# Technical Document Extraction: ICU Sepsis Prediction Workflow
## Overview
The diagram illustrates a machine learning pipeline for predicting sepsis in ICU patients using electronic health record (EHR) data. The workflow includes data preprocessing, temporal partitioning, model training, and evaluation.
---
## Key Components and Flow
### 1. **Initial Dataset**
- **Population**: Adult (age ≥ 18) ICU patient visits identified between 2016 and 2020.

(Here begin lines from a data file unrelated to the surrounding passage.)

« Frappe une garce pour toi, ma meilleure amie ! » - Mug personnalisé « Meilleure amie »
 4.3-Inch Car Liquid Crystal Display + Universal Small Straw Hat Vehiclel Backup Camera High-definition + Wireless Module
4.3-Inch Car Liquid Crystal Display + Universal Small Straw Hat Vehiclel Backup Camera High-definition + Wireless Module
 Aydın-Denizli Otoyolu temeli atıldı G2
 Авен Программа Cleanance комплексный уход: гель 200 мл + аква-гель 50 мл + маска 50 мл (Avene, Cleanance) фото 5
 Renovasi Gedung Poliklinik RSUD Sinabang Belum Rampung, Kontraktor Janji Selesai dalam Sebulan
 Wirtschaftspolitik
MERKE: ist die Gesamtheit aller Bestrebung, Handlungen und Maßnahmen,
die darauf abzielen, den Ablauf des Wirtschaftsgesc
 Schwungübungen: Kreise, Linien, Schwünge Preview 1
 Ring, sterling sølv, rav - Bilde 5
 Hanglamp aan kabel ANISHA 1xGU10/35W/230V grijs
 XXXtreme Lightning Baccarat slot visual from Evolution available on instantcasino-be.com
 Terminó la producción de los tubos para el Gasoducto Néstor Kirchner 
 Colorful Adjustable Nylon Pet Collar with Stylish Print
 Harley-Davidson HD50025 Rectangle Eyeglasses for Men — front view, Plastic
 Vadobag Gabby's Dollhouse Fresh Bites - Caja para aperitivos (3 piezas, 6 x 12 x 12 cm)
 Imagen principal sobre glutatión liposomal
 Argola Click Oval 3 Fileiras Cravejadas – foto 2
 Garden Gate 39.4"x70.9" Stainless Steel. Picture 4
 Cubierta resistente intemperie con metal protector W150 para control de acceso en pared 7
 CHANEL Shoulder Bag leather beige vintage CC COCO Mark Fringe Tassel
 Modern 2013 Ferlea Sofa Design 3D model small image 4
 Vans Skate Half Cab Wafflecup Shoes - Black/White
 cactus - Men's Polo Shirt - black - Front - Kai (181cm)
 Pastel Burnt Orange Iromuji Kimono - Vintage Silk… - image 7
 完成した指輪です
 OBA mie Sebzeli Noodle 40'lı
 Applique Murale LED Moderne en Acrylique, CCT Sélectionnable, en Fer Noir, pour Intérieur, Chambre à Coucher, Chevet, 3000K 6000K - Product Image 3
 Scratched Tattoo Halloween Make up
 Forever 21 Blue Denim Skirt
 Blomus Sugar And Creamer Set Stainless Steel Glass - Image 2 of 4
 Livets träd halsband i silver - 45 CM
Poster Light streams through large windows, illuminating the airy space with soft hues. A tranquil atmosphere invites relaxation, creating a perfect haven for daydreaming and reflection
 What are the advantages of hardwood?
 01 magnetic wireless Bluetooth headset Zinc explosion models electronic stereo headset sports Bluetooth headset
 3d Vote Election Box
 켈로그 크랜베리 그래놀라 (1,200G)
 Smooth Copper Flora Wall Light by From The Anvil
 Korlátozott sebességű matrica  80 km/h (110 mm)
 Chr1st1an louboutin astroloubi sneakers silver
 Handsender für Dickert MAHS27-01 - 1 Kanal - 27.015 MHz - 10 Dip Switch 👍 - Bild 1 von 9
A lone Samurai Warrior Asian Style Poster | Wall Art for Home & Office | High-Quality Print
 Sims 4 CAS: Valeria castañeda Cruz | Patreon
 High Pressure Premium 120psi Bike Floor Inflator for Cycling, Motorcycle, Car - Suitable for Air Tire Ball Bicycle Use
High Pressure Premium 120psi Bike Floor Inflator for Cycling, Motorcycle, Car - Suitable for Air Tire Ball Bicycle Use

- Total cases: **n = 119,733**
- **Inclusion Criteria**:
- ICU visits with ≥24 hours of EHR data.
- No sepsis diagnosis within the first six hours of admission.
- Subset size: **n = 10,274**
### 2. **Data Preprocessing & Feature Engineering**
- **Temporal Partitioning**:
- **ICU Admission: 2016–2018**
- Total cases: **n = 6,364**
- Sepsis cases: **1,195 (18.8%)**
- Non-sepsis cases: **5,169 (81.2%)**
- **ICU Admission: 2019–2020**
- Total cases: **n = 3,910**
- Sepsis cases: **575 (14.7%)**
- Non-sepsis cases: **3,335 (85.3%)**
### 3. **Stratified 5-Fold Cross-Validated Splits**
- **Temporal Splits**:
- **0–24 hours**: **168 cases**
- **Splits**:
- Training set
- Validation set
- Testing set
### 4. **Modeling**
- **Algorithm**:
- **XGBoost Classifier** with **Bayesian Optimization**
- **Output**:
- Ensemble model
- **Output Results** (specific metrics not shown in the diagram)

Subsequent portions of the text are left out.